This descriptive account sets the stage for this Article's primary contribution. Once the lens of federal secrecy is applied to state and local government, the most significant feature of this subfederal regime comes into focus: the migration of powerful federal secrecy protections into state law. Specifically, secrecy protections developed to shield the national security state have migrated over time into state law and practice to protect a variety of state and local government entities. State judges have applied presidential executive privilege protections to the records of state governors; local police departments have reproduced records' classifications systems meant to protect national security secrets; and state legislators have carved out holes in the state public records laws to shield law enforcement agencies from public oversight.

I refer to this process as "secrecy creep." (30) And I argue that we should be wary of this trend.
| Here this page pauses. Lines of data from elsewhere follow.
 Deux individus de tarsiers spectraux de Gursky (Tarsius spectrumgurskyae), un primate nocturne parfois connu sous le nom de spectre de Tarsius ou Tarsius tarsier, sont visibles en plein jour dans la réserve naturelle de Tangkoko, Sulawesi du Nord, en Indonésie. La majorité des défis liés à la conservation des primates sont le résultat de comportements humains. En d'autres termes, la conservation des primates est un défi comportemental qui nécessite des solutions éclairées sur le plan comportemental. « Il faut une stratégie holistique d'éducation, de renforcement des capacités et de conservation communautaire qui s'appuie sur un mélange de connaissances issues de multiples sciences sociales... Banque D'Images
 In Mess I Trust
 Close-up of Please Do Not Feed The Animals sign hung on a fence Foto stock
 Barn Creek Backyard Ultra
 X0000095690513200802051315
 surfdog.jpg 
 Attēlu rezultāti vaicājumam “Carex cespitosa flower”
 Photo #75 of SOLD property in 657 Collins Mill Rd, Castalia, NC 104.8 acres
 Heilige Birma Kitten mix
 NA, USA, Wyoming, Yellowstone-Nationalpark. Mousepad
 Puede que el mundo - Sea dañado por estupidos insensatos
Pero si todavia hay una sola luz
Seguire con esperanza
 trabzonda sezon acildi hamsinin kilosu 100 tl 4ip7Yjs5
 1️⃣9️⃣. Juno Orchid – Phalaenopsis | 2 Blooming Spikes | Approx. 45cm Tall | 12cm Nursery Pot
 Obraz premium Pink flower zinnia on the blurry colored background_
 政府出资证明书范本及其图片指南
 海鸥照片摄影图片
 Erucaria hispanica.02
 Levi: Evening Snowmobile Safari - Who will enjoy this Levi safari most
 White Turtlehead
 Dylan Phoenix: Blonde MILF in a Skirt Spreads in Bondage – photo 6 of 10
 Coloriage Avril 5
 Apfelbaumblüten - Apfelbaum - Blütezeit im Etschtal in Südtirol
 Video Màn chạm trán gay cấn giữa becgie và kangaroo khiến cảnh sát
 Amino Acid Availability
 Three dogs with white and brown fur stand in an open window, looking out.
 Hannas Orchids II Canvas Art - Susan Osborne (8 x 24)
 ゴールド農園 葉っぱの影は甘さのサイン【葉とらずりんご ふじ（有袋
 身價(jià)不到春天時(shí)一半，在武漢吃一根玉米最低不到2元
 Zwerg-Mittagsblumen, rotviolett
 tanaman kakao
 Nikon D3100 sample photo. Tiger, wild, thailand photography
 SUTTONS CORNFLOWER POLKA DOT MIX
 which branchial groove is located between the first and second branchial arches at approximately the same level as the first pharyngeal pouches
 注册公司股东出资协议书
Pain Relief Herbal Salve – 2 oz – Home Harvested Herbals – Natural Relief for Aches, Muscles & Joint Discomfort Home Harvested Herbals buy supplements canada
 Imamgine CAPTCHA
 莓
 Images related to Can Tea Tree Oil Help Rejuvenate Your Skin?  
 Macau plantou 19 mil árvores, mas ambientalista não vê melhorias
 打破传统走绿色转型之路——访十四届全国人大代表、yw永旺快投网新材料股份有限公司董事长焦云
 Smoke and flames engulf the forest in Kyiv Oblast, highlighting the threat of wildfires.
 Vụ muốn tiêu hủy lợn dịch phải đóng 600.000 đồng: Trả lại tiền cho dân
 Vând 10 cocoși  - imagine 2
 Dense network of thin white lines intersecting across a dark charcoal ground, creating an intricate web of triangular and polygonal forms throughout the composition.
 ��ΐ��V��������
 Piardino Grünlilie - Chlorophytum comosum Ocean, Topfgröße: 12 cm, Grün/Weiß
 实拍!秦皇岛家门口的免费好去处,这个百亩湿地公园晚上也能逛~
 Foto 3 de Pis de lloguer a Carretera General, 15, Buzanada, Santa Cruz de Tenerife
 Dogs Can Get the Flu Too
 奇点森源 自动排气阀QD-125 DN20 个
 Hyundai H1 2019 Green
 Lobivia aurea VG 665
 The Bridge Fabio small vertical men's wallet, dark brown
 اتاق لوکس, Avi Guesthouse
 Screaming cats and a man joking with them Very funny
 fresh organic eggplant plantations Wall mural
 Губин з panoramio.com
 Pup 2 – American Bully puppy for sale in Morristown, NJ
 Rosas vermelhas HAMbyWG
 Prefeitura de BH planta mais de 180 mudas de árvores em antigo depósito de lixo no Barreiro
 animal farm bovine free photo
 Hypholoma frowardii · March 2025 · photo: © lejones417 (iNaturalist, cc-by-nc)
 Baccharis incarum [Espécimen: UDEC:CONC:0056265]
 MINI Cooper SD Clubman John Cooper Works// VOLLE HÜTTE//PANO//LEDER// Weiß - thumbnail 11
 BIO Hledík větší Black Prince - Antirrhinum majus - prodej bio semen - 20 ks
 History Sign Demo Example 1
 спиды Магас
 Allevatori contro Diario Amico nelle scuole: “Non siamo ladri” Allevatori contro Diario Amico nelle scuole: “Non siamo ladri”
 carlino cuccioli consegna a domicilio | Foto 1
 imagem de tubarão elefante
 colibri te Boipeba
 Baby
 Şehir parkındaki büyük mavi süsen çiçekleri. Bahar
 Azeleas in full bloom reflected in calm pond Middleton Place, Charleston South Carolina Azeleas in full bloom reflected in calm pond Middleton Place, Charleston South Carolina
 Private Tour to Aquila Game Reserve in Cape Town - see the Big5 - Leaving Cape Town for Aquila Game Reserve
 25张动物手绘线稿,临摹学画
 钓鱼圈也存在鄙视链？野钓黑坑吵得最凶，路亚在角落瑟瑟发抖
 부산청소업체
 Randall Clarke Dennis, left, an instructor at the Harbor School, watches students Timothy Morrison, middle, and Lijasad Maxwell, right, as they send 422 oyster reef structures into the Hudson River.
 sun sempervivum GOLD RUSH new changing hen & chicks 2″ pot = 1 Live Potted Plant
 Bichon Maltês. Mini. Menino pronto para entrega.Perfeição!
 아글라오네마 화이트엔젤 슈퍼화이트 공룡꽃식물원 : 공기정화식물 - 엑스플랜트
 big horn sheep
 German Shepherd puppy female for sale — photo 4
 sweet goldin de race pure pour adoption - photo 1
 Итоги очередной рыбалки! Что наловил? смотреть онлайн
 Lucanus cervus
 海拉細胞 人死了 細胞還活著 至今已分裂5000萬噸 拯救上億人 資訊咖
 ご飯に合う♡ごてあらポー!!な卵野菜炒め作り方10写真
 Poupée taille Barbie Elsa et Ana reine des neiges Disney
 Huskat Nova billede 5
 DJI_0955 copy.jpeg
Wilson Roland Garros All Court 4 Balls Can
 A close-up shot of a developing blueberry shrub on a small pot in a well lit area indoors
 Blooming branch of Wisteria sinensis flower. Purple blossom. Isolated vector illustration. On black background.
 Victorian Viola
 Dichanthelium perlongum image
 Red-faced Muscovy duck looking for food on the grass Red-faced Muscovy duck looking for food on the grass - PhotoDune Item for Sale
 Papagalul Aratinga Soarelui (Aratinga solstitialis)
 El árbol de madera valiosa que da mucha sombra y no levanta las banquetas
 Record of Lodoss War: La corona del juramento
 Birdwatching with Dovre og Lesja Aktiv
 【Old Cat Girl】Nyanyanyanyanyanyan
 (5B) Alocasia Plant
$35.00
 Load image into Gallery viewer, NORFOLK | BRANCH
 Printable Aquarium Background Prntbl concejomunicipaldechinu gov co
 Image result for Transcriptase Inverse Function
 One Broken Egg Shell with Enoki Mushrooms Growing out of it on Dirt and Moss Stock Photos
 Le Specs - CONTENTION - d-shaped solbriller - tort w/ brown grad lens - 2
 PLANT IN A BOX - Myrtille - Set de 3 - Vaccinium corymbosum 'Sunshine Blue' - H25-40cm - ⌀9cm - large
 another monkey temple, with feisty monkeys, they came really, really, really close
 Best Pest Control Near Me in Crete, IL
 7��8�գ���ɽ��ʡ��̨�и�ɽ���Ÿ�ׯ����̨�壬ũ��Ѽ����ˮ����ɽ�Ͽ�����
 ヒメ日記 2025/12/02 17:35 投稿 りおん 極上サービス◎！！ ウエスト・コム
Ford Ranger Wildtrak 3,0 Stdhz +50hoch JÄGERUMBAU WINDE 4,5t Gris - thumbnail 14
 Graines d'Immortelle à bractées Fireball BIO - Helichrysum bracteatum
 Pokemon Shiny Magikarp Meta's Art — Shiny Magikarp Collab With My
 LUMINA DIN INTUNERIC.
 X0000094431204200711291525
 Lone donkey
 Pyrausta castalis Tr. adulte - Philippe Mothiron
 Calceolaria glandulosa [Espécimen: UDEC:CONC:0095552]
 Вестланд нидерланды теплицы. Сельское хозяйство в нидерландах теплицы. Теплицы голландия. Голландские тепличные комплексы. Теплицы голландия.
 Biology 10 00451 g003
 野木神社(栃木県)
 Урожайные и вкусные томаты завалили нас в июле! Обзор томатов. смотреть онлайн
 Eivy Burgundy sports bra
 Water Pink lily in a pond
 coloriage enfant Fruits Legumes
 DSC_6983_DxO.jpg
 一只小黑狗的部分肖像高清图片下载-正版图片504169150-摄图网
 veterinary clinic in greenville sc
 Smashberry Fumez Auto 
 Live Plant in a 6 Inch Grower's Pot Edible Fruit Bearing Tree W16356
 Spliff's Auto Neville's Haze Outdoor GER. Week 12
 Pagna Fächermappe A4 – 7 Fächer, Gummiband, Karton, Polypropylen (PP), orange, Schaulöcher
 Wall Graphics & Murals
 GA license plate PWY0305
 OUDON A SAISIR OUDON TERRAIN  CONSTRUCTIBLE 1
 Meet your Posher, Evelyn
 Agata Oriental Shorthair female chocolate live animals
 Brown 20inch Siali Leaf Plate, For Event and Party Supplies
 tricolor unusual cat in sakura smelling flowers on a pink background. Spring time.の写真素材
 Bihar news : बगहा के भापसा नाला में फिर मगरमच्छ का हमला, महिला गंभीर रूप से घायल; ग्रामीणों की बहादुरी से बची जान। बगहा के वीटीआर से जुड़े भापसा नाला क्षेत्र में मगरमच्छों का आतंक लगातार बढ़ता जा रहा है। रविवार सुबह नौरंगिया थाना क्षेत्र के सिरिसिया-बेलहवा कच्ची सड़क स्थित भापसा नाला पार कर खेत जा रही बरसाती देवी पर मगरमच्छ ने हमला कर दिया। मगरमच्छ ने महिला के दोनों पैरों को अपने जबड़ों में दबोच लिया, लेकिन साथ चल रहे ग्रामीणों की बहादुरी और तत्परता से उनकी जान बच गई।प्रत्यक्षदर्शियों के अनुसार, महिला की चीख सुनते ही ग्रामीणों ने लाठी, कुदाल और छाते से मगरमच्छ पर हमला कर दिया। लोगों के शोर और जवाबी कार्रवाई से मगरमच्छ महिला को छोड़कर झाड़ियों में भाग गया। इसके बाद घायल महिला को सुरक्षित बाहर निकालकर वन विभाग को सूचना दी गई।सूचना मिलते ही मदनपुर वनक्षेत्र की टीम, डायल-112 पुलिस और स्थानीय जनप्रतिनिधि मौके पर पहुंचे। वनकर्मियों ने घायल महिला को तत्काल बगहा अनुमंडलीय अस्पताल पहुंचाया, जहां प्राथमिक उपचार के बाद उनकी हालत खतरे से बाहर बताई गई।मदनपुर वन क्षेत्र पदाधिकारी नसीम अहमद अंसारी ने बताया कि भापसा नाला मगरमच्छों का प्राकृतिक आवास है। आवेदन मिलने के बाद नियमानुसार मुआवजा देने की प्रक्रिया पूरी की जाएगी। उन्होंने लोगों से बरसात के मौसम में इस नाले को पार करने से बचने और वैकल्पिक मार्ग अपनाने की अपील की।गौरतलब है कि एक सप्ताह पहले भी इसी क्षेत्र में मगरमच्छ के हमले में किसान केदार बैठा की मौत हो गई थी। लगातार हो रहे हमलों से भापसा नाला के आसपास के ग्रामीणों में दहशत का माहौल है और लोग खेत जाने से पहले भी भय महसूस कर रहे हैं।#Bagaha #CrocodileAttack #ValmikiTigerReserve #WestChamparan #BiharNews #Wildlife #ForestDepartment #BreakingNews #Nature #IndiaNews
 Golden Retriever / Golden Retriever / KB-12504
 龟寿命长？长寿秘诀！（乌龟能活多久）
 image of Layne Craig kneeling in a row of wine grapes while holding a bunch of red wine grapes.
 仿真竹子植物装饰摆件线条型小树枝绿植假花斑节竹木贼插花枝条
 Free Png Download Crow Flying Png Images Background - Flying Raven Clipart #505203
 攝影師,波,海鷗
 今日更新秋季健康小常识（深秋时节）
The adoption of these powerful secrecy protections creates discordance in the law: the textual, structural, and historical underpinnings of the federal secrecy regime are distinct from the subfederal regime, and these national security protections often sit uneasily within the state legal framework. (31) Further, the distinct structure and nature of state and local government exacerbates the negative consequences of excessive government secrecy, imposing unique harms that do not necessarily surface in the federal context. State and local governments are not monitored by the same internal and external systems of checks and balances, and these secrecy tools allow state and local officials to aggregate power while shielded from public view. (32) Illuminating these hidden channels allows state judges and legislators to take steps to curb the more harmful effects of this trend.

Describing the problem of secrecy creep has further implications. In recent years, there has been a national debate over the growing militarization of police, or the large-scale transfer of military weapons and equipment to local law enforcement agencies. (33) This excavation of state and local secrecy surfaces a parallel...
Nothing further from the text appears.